*** Block opens ***

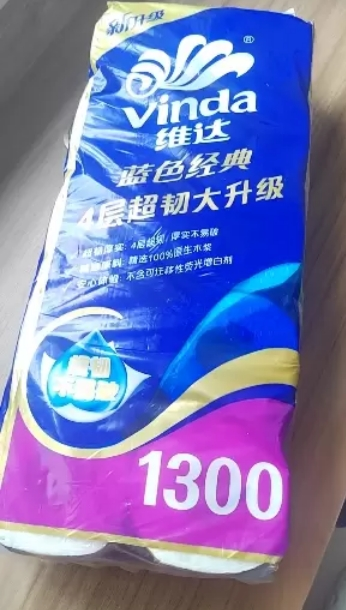维达有芯卷纸 蓝色经典4层130克*10卷 厚韧 卫生纸厕纸 卷筒纸纸巾晒单图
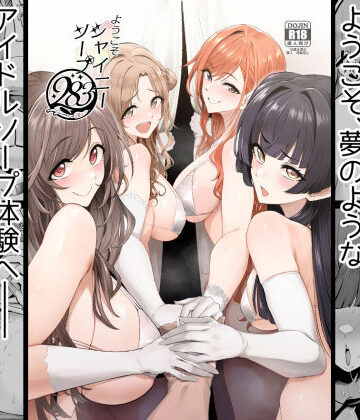 【A極振り】ようこそシャイニーソープ283❤巨乳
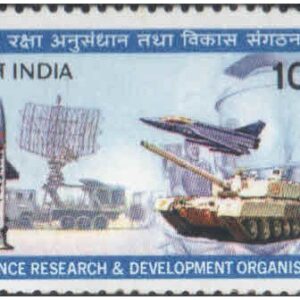 India 1999 Defence Research And Development Organisation (DRDO) 40th Anniversary - Postage Stamp MNH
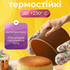 Набір з 3 силіконових форм для випікання паски пасхи (пасок)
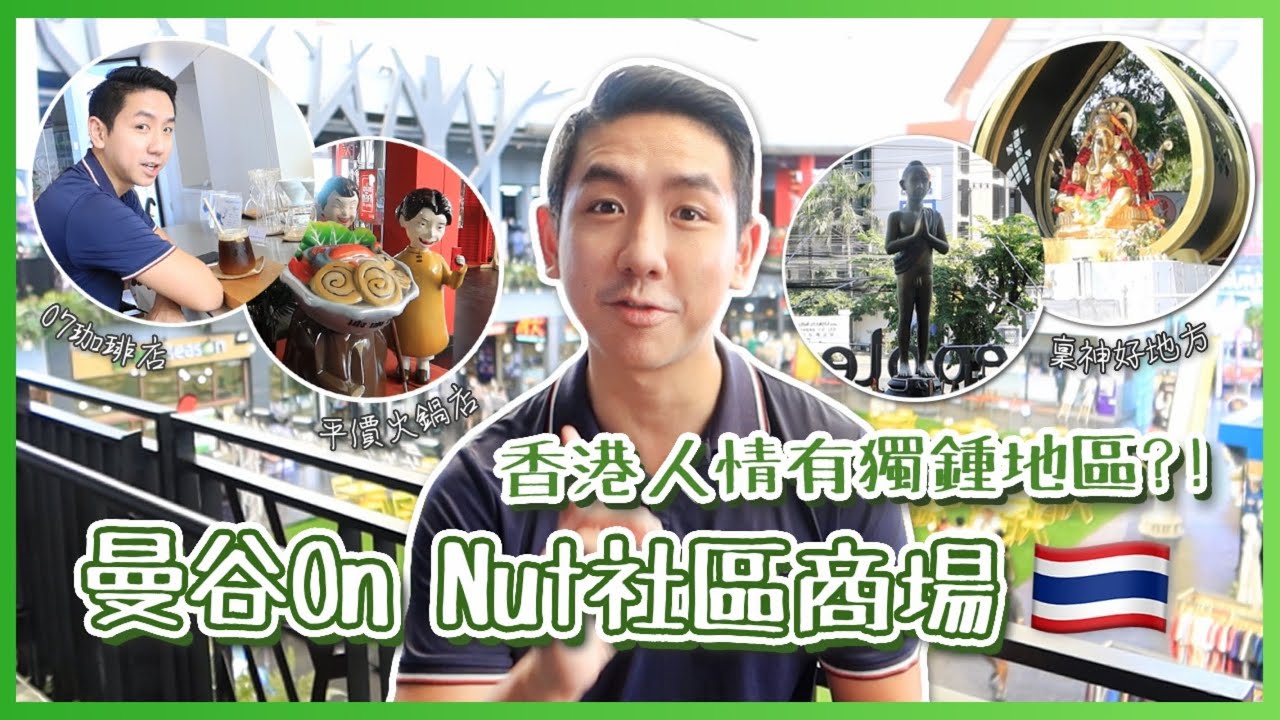 【泰國生活】港人情有獨鍾曼谷On Nut區？行街食飯拜神美容乜都有 街坊平民社區商場全攻略！(中字/Eng Sub) |【myKleb】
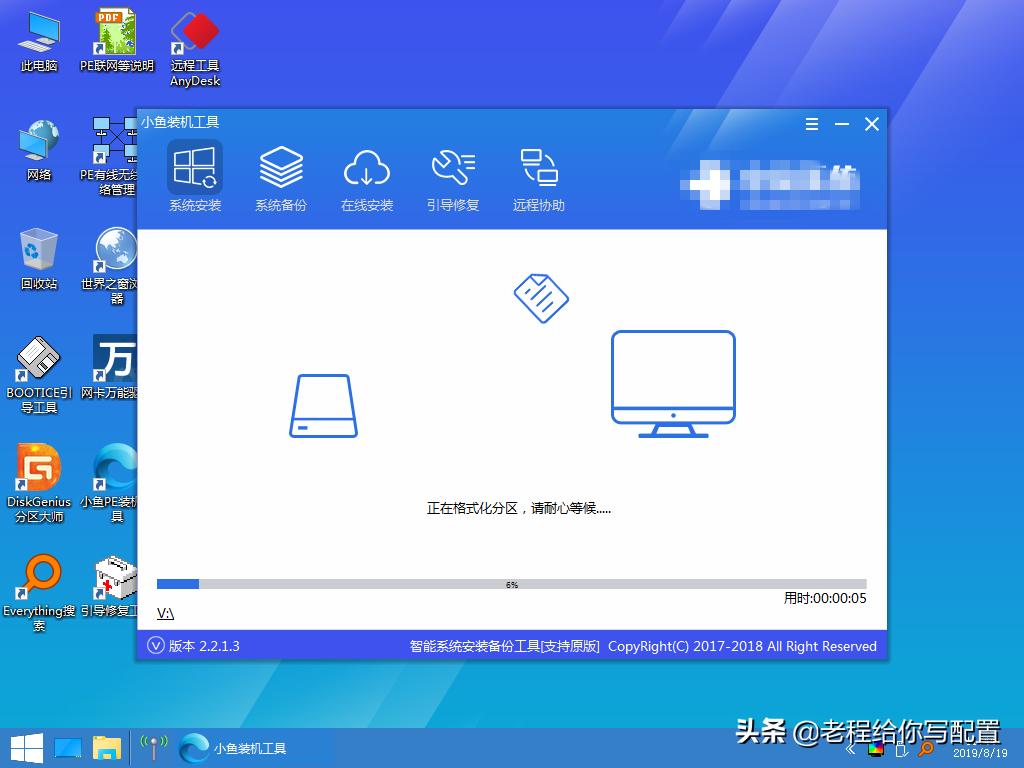 win7系统安装要求配置高吗（安装win7内存基本要求）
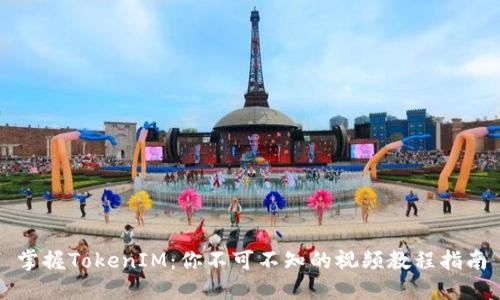 掌握TokenIM：你不可不知的视频教程指南
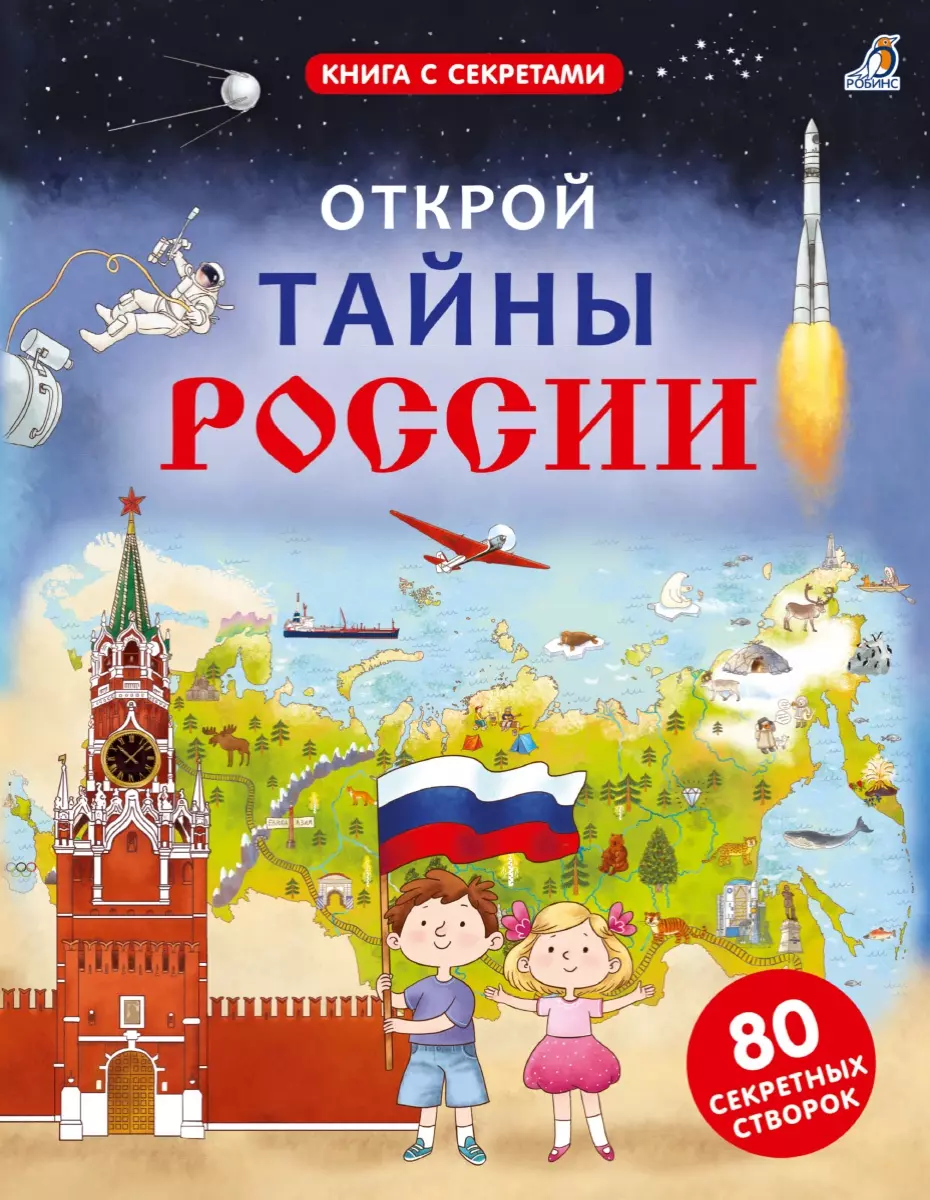 Пензенский Алексей Александрович - Открой тайны России. 80 секретных створок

*** Block closes ***

> **Activity**:
Could you copy, exactly and with no pictures, each line from the first one above to the line holding "掌握TokenIM：你不可不知的视频教程指南"?

> **Task response**:
维达有芯卷纸 蓝色经典4层130克*10卷 厚韧 卫生纸厕纸 卷筒纸纸巾晒单图
 【A極振り】ようこそシャイニーソープ283❤巨乳
 India 1999 Defence Research And Development Organisation (DRDO) 40th Anniversary - Postage Stamp MNH
 Набір з 3 силіконових форм для випікання паски пасхи (пасок)
 【泰國生活】港人情有獨鍾曼谷On Nut區？行街食飯拜神美容乜都有 街坊平民社區商場全攻略！(中字/Eng Sub) |【myKleb】
 win7系统安装要求配置高吗（安装win7内存基本要求）
 掌握TokenIM：你不可不知的视频教程指南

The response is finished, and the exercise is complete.